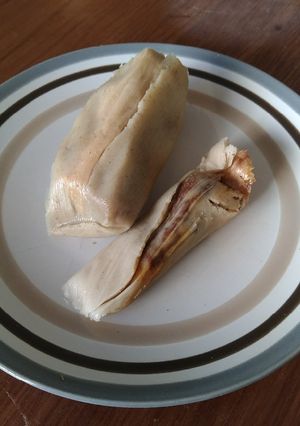 Una foto de Tamales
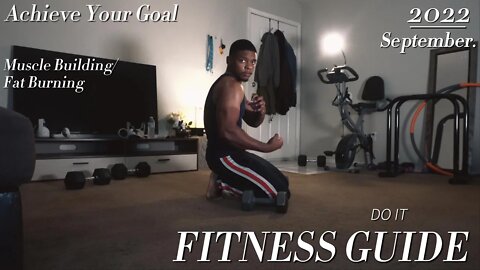 Home Workout | How To Gain Muscle And Burn Fat In 20 minutes (Workout video)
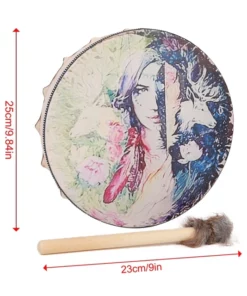 Tree Of Life Spiritual Music Shaman Drum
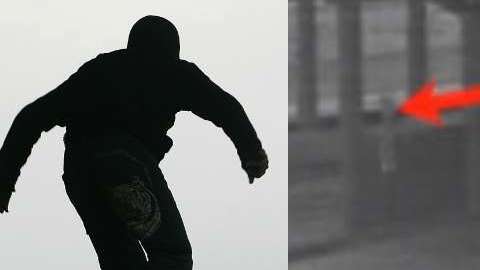 El inmigrante casi se ahoga en un canal de irrigación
-*-
> **WORK TO BE COMPLETED**:
What you return must match, line for line, the span from the line containing "Home Workout |" through the last line of the listing above, with every picture omitted.

> **RESULT OF THE EXERCISE**:
 Home Workout | How To Gain Muscle And Burn Fat In 20 minutes (Workout video)
 Tree Of Life Spiritual Music Shaman Drum
 El inmigrante casi se ahoga en un canal de irrigación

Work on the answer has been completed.